My poor Elvis. He is even worse today. I dont know if it was the meds that were overkill,or just his problems in general. But today he is just laying there. Not even making an effort to move. I touched him with a straw,normally hed flip out and swim off. Now he just laid there. So i think his poor lil body cant take much more. I hope hes not suffering. I think i did all i can do for him. I dont think he will be here much longer. Maybe a day or so. But not much more.


----------



## Vikki81207 (May 27, 2009)

I'm so sorry.


----------



## fishyinpa (Dec 25, 2008)

Thanks. I was hoping for another rebound from him,but I guess not.


----------



## Vikki81207 (May 27, 2009)

I can't say I know how you feel, the closest thing I've gotten to sick is fin rot with two of my boys.
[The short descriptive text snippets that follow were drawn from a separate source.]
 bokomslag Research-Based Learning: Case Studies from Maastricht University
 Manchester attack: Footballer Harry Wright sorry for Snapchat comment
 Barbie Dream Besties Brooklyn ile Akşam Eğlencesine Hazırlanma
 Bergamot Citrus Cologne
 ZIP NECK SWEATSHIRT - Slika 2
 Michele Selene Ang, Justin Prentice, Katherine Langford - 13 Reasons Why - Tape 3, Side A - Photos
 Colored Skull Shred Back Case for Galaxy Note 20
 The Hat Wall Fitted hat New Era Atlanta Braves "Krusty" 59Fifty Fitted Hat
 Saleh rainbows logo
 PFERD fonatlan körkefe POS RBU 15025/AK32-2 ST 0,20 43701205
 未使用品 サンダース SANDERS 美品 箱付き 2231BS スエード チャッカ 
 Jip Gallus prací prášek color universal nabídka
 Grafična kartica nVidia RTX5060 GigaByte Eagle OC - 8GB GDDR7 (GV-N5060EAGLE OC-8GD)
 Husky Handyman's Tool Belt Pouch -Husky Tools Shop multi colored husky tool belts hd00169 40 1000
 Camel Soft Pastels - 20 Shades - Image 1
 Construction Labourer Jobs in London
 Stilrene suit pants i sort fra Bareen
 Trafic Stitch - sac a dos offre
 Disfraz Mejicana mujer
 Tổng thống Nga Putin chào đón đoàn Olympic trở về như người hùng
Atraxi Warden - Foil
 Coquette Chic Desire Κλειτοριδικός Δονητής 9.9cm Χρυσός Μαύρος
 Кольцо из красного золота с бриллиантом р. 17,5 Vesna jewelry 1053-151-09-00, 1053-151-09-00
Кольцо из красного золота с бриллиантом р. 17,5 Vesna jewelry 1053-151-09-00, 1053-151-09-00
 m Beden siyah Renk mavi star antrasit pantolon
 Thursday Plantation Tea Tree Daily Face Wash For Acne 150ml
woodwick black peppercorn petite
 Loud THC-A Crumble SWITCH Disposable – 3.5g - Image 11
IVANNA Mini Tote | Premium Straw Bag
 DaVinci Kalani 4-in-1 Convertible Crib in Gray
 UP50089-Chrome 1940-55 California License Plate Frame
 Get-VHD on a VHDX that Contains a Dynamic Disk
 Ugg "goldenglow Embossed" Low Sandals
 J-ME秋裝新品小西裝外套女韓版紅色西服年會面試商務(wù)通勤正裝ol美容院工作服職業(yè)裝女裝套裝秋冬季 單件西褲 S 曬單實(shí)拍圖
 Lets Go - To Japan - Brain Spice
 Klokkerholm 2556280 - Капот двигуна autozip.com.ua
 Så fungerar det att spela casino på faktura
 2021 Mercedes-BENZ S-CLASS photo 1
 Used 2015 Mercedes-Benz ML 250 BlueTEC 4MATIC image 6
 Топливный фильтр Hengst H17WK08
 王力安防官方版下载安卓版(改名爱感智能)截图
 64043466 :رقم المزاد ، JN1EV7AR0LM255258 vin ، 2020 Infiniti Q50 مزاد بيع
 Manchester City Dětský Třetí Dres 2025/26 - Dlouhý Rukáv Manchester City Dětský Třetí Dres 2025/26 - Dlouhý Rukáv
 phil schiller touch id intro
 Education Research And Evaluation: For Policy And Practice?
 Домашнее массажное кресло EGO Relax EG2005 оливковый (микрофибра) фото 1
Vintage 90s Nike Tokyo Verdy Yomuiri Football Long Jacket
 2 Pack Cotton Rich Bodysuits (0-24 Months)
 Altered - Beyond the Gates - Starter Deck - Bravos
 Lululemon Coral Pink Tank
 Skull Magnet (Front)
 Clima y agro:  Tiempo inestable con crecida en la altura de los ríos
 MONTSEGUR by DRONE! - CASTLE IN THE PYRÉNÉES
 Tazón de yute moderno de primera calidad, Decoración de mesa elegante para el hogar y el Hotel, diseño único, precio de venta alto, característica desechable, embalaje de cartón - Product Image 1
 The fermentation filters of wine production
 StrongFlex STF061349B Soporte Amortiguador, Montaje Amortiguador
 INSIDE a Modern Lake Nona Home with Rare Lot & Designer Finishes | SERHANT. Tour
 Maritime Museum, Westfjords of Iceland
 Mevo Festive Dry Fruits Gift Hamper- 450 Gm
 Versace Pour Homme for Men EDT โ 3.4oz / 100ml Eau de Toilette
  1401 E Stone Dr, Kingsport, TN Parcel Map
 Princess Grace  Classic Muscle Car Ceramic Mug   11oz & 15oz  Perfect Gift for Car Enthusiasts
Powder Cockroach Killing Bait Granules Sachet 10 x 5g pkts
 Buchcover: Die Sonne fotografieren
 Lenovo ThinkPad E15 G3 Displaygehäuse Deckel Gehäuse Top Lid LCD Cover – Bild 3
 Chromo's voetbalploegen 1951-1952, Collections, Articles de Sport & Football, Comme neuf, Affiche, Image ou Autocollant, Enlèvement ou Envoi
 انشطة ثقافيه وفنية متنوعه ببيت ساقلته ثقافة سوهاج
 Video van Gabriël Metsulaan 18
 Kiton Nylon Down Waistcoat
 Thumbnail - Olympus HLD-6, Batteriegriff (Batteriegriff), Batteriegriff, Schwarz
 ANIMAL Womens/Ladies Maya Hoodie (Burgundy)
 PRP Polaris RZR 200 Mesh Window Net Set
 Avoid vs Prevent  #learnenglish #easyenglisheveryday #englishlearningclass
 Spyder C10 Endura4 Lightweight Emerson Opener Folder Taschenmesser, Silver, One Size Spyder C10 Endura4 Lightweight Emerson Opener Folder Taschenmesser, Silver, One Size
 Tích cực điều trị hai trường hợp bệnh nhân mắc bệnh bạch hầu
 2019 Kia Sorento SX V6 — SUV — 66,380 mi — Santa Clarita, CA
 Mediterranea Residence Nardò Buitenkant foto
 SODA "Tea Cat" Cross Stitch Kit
I know if something bad happens to any of my babies, I'd be a wreck though.


----------



## sunkissedinCA (May 7, 2009)

aww.. i'm so sorry


----------



## fishyinpa (Dec 25, 2008)

Yeah. I never really dealt with sick fish. Since my last set of fish was when I was little lol. So,yeah Im sad. They supposed to live years not months! I dealt with a sick hamster,he only made it a few months. Seems the ones that you try your hardest to save are the ones that live the shortest and hurt the most when you lose them.

Thanks sunkissed.


----------



## AngelicScars (May 5, 2009)

Poor little guy. It's so rough losing them, I was a mess with Rex. He was our first little guy.


----------



## Shylynn (Jun 17, 2009)

Im sorry to hear about your you lil guy


----------



## neenjar (Jun 19, 2009)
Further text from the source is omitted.